For a great many tweens and teens, social media has come to play an increasingly big role in their lives. A 2018 survey found that 95% of teens have access to a smart phone and 45% report going online constantly.i
With adolescent development oriented so much around the peer group, social media offers a powerful way to feel connected to what’s happening with friends, acquaintances and the peer community — even to the larger world outside their particular social universe. But there’s one aspect of social media use that has researchers and child development experts concerned: the largely negative effect of social comparison.
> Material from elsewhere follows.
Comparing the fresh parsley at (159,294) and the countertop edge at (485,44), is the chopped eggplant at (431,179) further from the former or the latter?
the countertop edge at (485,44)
It’s inevitable that young users of social media, seeing the curated photos of happy people enjoying themselves at parties and celebrations, on family vacations and other special events, will ask themselves how their lives compare. (Adult users of social media make the same comparisons.) Researchers have found that women who wanted to change some aspect of their appearance reported being in a more negative mood after viewing Facebook compared to women exposed to a website without appearance-related content. Viewing online photos of other women seemed to stimulate dissatisfaction with face, hair or skin.ii With teenagers notoriously self-critical about their looks, it’s reasonable to think that social media exposure can have a similar effect on them.
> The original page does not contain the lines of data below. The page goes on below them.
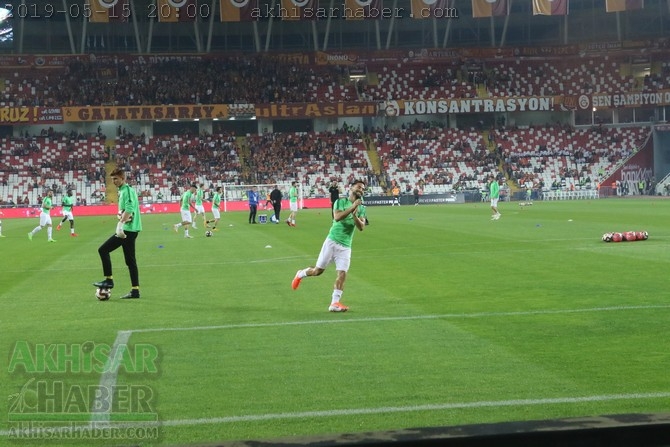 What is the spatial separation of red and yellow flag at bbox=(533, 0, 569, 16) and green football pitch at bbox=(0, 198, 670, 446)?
50553 mm

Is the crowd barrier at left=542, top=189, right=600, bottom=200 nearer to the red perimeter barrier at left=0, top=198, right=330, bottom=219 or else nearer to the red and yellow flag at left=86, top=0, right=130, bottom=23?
the red perimeter barrier at left=0, top=198, right=330, bottom=219

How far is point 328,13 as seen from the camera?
255 feet

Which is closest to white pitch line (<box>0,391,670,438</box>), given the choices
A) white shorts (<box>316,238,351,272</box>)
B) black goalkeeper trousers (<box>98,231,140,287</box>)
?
white shorts (<box>316,238,351,272</box>)

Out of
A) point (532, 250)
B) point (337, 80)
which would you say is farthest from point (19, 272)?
point (337, 80)

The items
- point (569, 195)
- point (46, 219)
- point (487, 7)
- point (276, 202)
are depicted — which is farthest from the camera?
point (569, 195)

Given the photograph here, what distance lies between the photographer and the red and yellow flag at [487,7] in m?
69.2

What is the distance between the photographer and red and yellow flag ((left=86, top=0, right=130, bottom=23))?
218ft

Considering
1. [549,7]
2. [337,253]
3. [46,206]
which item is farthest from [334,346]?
[549,7]

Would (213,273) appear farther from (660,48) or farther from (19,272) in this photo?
(660,48)

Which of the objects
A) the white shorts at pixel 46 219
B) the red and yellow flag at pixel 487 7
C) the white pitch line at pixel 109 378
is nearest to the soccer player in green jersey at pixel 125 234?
the white pitch line at pixel 109 378

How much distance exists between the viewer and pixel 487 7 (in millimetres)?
69438

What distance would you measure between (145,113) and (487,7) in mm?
30489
In another study, researchers found that those who spent greater amounts of time on social media were more likely to make upward comparisons — comparing oneself to those who appear to be doing better — rather than downward comparisons — comparing oneself to those who appear to be doing worse.iii iv
Upward comparison has always occurred among peer-conscious teenagers. Can parents mitigate the unwelcome effects research has identified? Perhaps educating our kids about the pitfalls of upward comparison might inoculate them against some of those effects. We can talk with our sons and daughters about how people curate their online image to look good — to themselves and to their peers — and how that curated image is usually very different from reality. We can discuss how the impulse to look good in the eyes of others drives us to omit from social media our most disappointing, boring, and embarrassing moments. And we can occasionally ask to let us scroll with them through their social media feeds, offering a gentle but incisive running commentary about what we see, and especially what we don't see. It's all part of educating our kids in how to be thoughtful and discerning consumers of the social media that permeates their lives.
i Anderson, M. and J. Jiang. “Teens, social media and technology 2018.” Pew Research Center, May 31, 2018.
ii ii Fardouly, J., Diedrichs, P.C., Vartanian, L.R., & Halliwell, E. (2015). Social comparisons on social media: The impact of Facebook on young women's body image concerns and mood. Body Image, 13, 38-45. doi: 10.1016/j.bodyim.2014.12.002.
iii Steers, M.N., Wickham, R.E., & Acitelli, L.K. (2014). Seeing everyone else's highlight reels: How Facebook usage is linked to depressive symptoms. Journal of Social and Clinical Psychology, 33(8), 701-731. doi: 10.1521/jscp.2014.33.8.701.
iv Vogel, E.A., Rose, J.P., Roberts, L.R., & Eckles, K. (2014). Social comparison, social media, and self-esteem. Psychology of Popular Media Culture, 3(4), 206-222. doi: 10.1037/ppm0000047.